El moroso desenvolvimiento de sus narraciones, la humildad
del tono, su anunciada falta de originalidad y de grandeza temática en
historias que, como destaca En vida, “no significan un carajo para nadie, (son)
un montoncito de verdadera tristeza”, muestran un modo muy especial de
aproximación a la materia narrativa. Una insatisfacción que acompaña las idas y
vueltas de héroes cuyas vidas no son heroicas, ni ejemplares, ni típicas, ni siquiera
importantes: hombres que no tienen nada que contar, como no sea la historia de
algún otro; tipos que pueden cruzar la calle o no, torcer para cualquier lado;
gente que “va y viene en un tiempo que jamás se consume”.
Es un tiempo casi sin presente, que sólo vive desde el futuro de la memoria.
Ella mana el presente: “Fue un lindo tiempo, si se quiere, sólo que estaba
destinado a terminar. Todo tiempo está destinado a terminar, naturalmente, y el
principio de uno no es más que el término de otro. Pero en éste resultaba tan
claro que parecía un recuerdo desde el mismo principio” (Alrededor de la
jaula). La falta de certidumbre lleva a la memoria errátil, como a un campo de
producción de una escritura prerepresentativa. ¿Qué es, qué son, si no, ese
espacio lunar, y esa luna presente, y ese barro, en Sudeste? Origen
inapresable, presente sin datos, futuro contingente: se hace necesario recobrar
un tiempo también incontaminado en un espacio restituyente.

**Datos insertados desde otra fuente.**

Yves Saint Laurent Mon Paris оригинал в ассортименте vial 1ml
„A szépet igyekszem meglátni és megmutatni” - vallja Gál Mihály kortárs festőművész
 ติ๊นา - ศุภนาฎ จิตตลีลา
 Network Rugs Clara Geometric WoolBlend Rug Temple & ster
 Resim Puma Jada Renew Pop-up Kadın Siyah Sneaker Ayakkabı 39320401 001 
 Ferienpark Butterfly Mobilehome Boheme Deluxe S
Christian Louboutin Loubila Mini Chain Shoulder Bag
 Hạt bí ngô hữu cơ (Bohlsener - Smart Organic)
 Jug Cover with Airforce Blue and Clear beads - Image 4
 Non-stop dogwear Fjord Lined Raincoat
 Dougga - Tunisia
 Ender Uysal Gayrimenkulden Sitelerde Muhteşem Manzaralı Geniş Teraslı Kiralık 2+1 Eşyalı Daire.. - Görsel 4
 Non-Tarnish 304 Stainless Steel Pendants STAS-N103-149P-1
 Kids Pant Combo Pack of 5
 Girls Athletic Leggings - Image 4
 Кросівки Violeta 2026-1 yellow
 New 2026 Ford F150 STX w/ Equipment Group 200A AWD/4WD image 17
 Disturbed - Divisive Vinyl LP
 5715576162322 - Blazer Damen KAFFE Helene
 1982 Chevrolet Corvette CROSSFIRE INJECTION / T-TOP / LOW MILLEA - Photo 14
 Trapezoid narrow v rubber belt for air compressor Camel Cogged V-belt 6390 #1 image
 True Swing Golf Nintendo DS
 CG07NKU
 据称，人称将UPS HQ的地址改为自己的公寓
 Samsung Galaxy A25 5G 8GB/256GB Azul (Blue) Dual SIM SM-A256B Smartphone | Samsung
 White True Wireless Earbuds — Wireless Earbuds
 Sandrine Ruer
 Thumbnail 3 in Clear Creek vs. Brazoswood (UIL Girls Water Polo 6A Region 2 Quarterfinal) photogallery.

Es esta narrativa esencialista la que siempre me conmovió, esa monotonía, esa
persecución de lo fundamental, del ser y no del tener: los seres despojados de
todo (el Oreste de En vida; igualmente, Milo y el viejo, en Alrededor de la
jaula), personas que están frente a la naturaleza y al mundo y a las cosas y a
los otros seres como desnudos, como desapropiados. Una escritura sin duda
también desapropiada, pobre, con la riqueza de lo pobre, de lo trabajado hasta
pelarlo, para quitarle todo lo accesorio y dejar sólo lo sustantivo, lo
inmanente.
Siendo que “el lujo, el atavío y la disipación no son significantes que
sobrevengan aquí o allá, son los perjuicios del significante o del
representante mismo”, cabe preguntarse con Derrida cuál sería el agua, cuál el
barro y cuál la noche, de estos signos.
No parece absurdo pensar que tan radical poética buscó las respuestas, quizá
cerrando la parábola, en un libro como Mascaró el cazador americano, la última
novela del escritor, tan premonitoria inclusive de su propio destino. Aquí, en
esta fantasía donde los mascarones ya no son sólo máscaras sino proas y guías,
la inmersión en un sueño que se quiere colectivo parece anunciar el movimiento
de recuperación, aquel por el que la palabra sería de todos.
A esa extraordinaria coherencia entre escritura y vida, entre acción y
pensamiento, creo que alude el título de esta nota.